*** Data supplied ***
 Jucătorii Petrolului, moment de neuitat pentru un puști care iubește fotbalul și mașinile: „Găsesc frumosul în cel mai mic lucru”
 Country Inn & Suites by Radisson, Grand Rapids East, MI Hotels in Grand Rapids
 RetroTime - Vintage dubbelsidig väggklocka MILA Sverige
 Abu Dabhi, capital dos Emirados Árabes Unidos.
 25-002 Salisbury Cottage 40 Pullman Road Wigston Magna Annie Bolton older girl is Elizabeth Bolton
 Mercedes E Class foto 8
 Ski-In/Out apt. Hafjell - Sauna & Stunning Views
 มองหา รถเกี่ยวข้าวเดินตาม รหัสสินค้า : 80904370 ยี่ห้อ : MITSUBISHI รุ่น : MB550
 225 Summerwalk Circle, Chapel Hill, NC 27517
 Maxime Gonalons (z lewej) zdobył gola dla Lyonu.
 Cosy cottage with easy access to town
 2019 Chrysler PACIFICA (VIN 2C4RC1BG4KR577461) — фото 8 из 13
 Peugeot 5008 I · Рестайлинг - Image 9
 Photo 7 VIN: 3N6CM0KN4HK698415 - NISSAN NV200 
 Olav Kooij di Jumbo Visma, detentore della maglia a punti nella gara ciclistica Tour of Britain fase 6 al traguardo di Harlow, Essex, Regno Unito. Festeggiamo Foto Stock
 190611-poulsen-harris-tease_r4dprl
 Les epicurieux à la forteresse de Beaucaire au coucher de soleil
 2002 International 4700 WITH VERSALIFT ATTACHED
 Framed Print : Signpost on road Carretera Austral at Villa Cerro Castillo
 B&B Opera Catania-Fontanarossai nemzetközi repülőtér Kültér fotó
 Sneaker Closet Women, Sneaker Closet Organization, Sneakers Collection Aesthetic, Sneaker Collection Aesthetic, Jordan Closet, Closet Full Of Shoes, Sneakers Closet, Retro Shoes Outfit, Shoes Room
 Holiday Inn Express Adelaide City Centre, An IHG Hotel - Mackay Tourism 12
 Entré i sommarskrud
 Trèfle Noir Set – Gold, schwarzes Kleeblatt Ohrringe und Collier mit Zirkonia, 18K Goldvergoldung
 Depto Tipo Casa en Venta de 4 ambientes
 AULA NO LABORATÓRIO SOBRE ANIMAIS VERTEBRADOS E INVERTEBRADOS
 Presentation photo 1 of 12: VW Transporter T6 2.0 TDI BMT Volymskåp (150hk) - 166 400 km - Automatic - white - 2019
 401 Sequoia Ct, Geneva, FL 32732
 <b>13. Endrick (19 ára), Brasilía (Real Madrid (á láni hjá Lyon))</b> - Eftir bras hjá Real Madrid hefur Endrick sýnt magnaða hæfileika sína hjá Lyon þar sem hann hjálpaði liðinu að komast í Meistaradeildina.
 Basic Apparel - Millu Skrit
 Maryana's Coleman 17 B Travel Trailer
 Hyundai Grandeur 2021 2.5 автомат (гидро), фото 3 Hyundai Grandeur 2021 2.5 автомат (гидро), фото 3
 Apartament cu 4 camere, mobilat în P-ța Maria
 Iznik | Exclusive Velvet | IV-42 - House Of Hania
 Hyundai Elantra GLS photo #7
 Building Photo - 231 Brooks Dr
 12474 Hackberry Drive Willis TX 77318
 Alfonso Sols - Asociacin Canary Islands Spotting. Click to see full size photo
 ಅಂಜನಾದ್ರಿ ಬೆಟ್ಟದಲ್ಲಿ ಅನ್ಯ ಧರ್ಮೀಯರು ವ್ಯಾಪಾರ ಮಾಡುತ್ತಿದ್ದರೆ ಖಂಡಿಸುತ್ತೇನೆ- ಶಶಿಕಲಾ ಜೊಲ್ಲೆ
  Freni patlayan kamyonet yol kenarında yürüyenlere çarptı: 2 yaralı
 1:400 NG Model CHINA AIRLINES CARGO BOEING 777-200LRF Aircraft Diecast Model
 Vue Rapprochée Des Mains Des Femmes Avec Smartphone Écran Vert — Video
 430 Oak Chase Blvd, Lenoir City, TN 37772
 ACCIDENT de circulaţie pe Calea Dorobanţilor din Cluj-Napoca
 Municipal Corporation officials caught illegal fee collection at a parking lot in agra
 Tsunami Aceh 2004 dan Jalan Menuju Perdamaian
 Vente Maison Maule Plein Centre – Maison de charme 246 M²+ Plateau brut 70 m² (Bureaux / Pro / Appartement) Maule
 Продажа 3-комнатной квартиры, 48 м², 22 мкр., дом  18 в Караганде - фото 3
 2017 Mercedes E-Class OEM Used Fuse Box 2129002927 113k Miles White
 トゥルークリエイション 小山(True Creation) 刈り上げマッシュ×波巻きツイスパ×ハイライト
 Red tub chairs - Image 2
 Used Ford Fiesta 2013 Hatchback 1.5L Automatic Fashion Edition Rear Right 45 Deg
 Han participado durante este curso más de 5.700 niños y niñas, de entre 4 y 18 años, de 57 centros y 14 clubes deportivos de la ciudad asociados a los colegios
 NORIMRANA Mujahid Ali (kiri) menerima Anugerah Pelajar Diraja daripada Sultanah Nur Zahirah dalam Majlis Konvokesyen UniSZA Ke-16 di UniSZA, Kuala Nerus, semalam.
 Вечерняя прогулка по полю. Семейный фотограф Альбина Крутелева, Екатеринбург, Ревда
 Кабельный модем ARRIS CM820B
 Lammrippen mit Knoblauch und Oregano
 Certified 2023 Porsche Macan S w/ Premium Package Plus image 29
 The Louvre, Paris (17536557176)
***
- _Instructions for the task_:
Word for word, write out each of the records shown above.

- _Result below_:
 Jucătorii Petrolului, moment de neuitat pentru un puști care iubește fotbalul și mașinile: „Găsesc frumosul în cel mai mic lucru”
 Country Inn & Suites by Radisson, Grand Rapids East, MI Hotels in Grand Rapids
 RetroTime - Vintage dubbelsidig väggklocka MILA Sverige
 Abu Dabhi, capital dos Emirados Árabes Unidos.
 25-002 Salisbury Cottage 40 Pullman Road Wigston Magna Annie Bolton older girl is Elizabeth Bolton
 Mercedes E Class foto 8
 Ski-In/Out apt. Hafjell - Sauna & Stunning Views
 มองหา รถเกี่ยวข้าวเดินตาม รหัสสินค้า : 80904370 ยี่ห้อ : MITSUBISHI รุ่น : MB550
 225 Summerwalk Circle, Chapel Hill, NC 27517
 Maxime Gonalons (z lewej) zdobył gola dla Lyonu.
 Cosy cottage with easy access to town
 2019 Chrysler PACIFICA (VIN 2C4RC1BG4KR577461) — фото 8 из 13
 Peugeot 5008 I · Рестайлинг - Image 9
 Photo 7 VIN: 3N6CM0KN4HK698415 - NISSAN NV200 
 Olav Kooij di Jumbo Visma, detentore della maglia a punti nella gara ciclistica Tour of Britain fase 6 al traguardo di Harlow, Essex, Regno Unito. Festeggiamo Foto Stock
 190611-poulsen-harris-tease_r4dprl
 Les epicurieux à la forteresse de Beaucaire au coucher de soleil
 2002 International 4700 WITH VERSALIFT ATTACHED
 Framed Print : Signpost on road Carretera Austral at Villa Cerro Castillo
 B&B Opera Catania-Fontanarossai nemzetközi repülőtér Kültér fotó
 Sneaker Closet Women, Sneaker Closet Organization, Sneakers Collection Aesthetic, Sneaker Collection Aesthetic, Jordan Closet, Closet Full Of Shoes, Sneakers Closet, Retro Shoes Outfit, Shoes Room
 Holiday Inn Express Adelaide City Centre, An IHG Hotel - Mackay Tourism 12
 Entré i sommarskrud
 Trèfle Noir Set – Gold, schwarzes Kleeblatt Ohrringe und Collier mit Zirkonia, 18K Goldvergoldung
 Depto Tipo Casa en Venta de 4 ambientes
 AULA NO LABORATÓRIO SOBRE ANIMAIS VERTEBRADOS E INVERTEBRADOS
 Presentation photo 1 of 12: VW Transporter T6 2.0 TDI BMT Volymskåp (150hk) - 166 400 km - Automatic - white - 2019
 401 Sequoia Ct, Geneva, FL 32732
 <b>13. Endrick (19 ára), Brasilía (Real Madrid (á láni hjá Lyon))</b> - Eftir bras hjá Real Madrid hefur Endrick sýnt magnaða hæfileika sína hjá Lyon þar sem hann hjálpaði liðinu að komast í Meistaradeildina.
 Basic Apparel - Millu Skrit
 Maryana's Coleman 17 B Travel Trailer
 Hyundai Grandeur 2021 2.5 автомат (гидро), фото 3 Hyundai Grandeur 2021 2.5 автомат (гидро), фото 3
 Apartament cu 4 camere, mobilat în P-ța Maria
 Iznik | Exclusive Velvet | IV-42 - House Of Hania
 Hyundai Elantra GLS photo #7
 Building Photo - 231 Brooks Dr
 12474 Hackberry Drive Willis TX 77318
 Alfonso Sols - Asociacin Canary Islands Spotting. Click to see full size photo
 ಅಂಜನಾದ್ರಿ ಬೆಟ್ಟದಲ್ಲಿ ಅನ್ಯ ಧರ್ಮೀಯರು ವ್ಯಾಪಾರ ಮಾಡುತ್ತಿದ್ದರೆ ಖಂಡಿಸುತ್ತೇನೆ- ಶಶಿಕಲಾ ಜೊಲ್ಲೆ
  Freni patlayan kamyonet yol kenarında yürüyenlere çarptı: 2 yaralı
 1:400 NG Model CHINA AIRLINES CARGO BOEING 777-200LRF Aircraft Diecast Model
 Vue Rapprochée Des Mains Des Femmes Avec Smartphone Écran Vert — Video
 430 Oak Chase Blvd, Lenoir City, TN 37772
 ACCIDENT de circulaţie pe Calea Dorobanţilor din Cluj-Napoca
 Municipal Corporation officials caught illegal fee collection at a parking lot in agra
 Tsunami Aceh 2004 dan Jalan Menuju Perdamaian
 Vente Maison Maule Plein Centre – Maison de charme 246 M²+ Plateau brut 70 m² (Bureaux / Pro / Appartement) Maule
 Продажа 3-комнатной квартиры, 48 м², 22 мкр., дом  18 в Караганде - фото 3
 2017 Mercedes E-Class OEM Used Fuse Box 2129002927 113k Miles White
 トゥルークリエイション 小山(True Creation) 刈り上げマッシュ×波巻きツイスパ×ハイライト
 Red tub chairs - Image 2
 Used Ford Fiesta 2013 Hatchback 1.5L Automatic Fashion Edition Rear Right 45 Deg
 Han participado durante este curso más de 5.700 niños y niñas, de entre 4 y 18 años, de 57 centros y 14 clubes deportivos de la ciudad asociados a los colegios
 NORIMRANA Mujahid Ali (kiri) menerima Anugerah Pelajar Diraja daripada Sultanah Nur Zahirah dalam Majlis Konvokesyen UniSZA Ke-16 di UniSZA, Kuala Nerus, semalam.
 Вечерняя прогулка по полю. Семейный фотограф Альбина Крутелева, Екатеринбург, Ревда
 Кабельный модем ARRIS CM820B
 Lammrippen mit Knoblauch und Oregano
 Certified 2023 Porsche Macan S w/ Premium Package Plus image 29
 The Louvre, Paris (17536557176)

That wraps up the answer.